Multivariable linear regression models to examine the association between location of the monitor and PM_2.5 and CO concentrations included two covariates: distance to the index home in steps (index homes had a value of 0 steps) and the presence of a secondary biomass stove in the home. We did not account for smoking in the home as no smoking was observed to take place during biomass cooking times.
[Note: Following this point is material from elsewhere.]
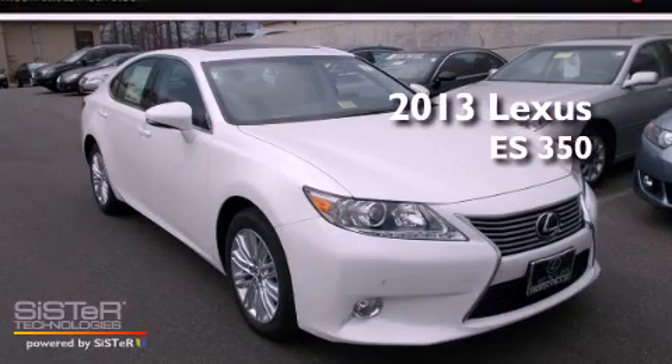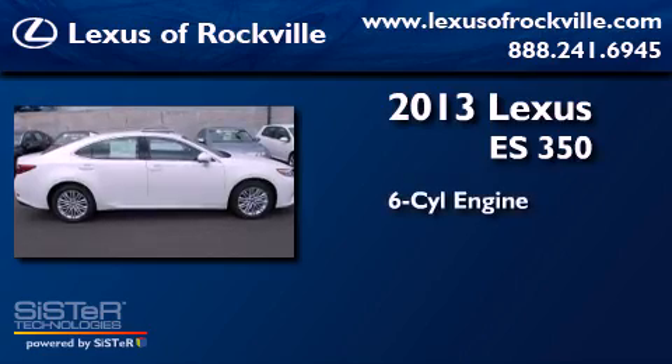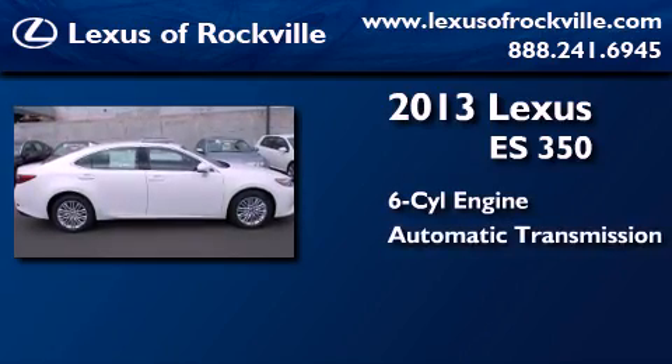This is a brand new 2013 Lexus ES350. It features a six-cylinder engine and an automatic transmission.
In exploratory analyses, PM_2.5 and CO concentrations were not substantially different during electricity cooking periods compared to periods of no cooking, and kerosene cooking events were few, so we did not account for electricity or kerosene cooking in our models.

During index stove biomass cooking events, we observed a trend of lower geometric mean PM_2.5concentrations with monitor locations further from the index stove overall (p for trend 0.03) (Fig. 2 and Additional file 1). In stratified models, we did observe a trend of lower geometric mean PM_2.5 in clusters with no windows in the index home (p for trend 0.03), but this trend was clearer in clusters with at least one window in the index home (p for trend = 0.006), particularly for neighbor homes that share a wall with the index stove. We observed a trend similar to the overall data in clusters with indoor index stoves (p for trend 0.04), but not in clusters with outdoor index stoves (p for trend 0.8). We did not observe any associations between location of the monitor and 24-h geometric mean PM_2.5 concentrations (Additional file 2). Consistent with spatial dependence in PM_2.5 from biomass burning, variogram analysis of PM_2.5 concentrations showed a steadily increasing semivariance in PM_2.5 up to distances of around five meters from the biomass stove, suggesting that spatial dependence in PM_2.5 was limited at further distances (Fig. 3).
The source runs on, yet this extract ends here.